The result of this obsession and my unwillingness to fight it is that I am particularly vulnerable to song-stuck-in-headedness (again, need a nice, tight vocab word to express this phrase more naturally. The College Board, this is where you can give back after taking so, so much.) As I have so much experience with the phenomenon, I am working on a taxonomy of songs stuck in the head. It is still a work in progress, but I thought I'd give you a few archetypes I have experienced lately:
1. Songs you'd rather not admit you know all the words to: Singing, humming, bobbing, or mild dancing is never acceptable in public and already subjects the person to more than their fair share of public scorn. "Look at that rube," the public thinks, "singing and dancing and humming as if he enjoys music. Who enjoys music these days? What's up with that?" I generally find this baffling and chalk it up to people's primal urge to destroy anyone that they perceive might be having more fun than them (see also: war on drugs, war on sex, and basically wars in general). This public scorn is and should be intensified if the person is mouthing all of the words to "Always" by Erasure, for example. This is the most dreaded type of song to get stuck in your head.
2. Songs you only know the chorus to or songs with very few lyrics: Another deadly category, this applies mostly to catchy songs with choruses that are repeated a zillion times in its 3 minute duration, leaving you with only enough to repeat a tiny song fragment periodically for all of eternity, or at least the afternoon. It's the aural equivalent of Chinese Water Torture. It's annoying for the person with it stuck in their head, but truly pity their poor, poor coworkers who have to spend every second of the 30 minute van ride listening to them sing the chorus to "Private Eyes" or "Turn to Stone" endlessly. "I Got My Mind Set On You" fits the bill as well.

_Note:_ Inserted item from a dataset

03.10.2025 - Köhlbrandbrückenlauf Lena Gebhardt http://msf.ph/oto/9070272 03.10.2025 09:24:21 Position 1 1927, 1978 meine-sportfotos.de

3. Songs with no words at all: "Walk, Don't Run" and "Classical Gas" just aren't the same when they're whistled.
4. Songs no one else has ever heard of: "It's 'Cruel To Be Kind.'" "No, Nick Lowe." "Sometime in the early seventies, I think." "Yes, I'm aware you weren't born then; I wasn't either, but I still know it." "Seriously, what is weird about this? It was a hit song. It plays on the radio. It's pop culture. I shouldn't have to explain any of this."
5. Songs that you cannot sing out loud in public: Either the lyrics are incredibly offensive or completely gender inappropriate. This happened to me today. On the way to a department wide meeting, the insidious bastards at G101.3 decided to play "Hips Don't Lie." I know enough of it to sing through a bit, but something is lost when I sing Shakira's part, and I'm reasonably sure that directing any of my coworkers to keep on reading the signs of my body is a recipe for all kinds of trouble. This category also applies to Christmas songs when it isn't Christmas season.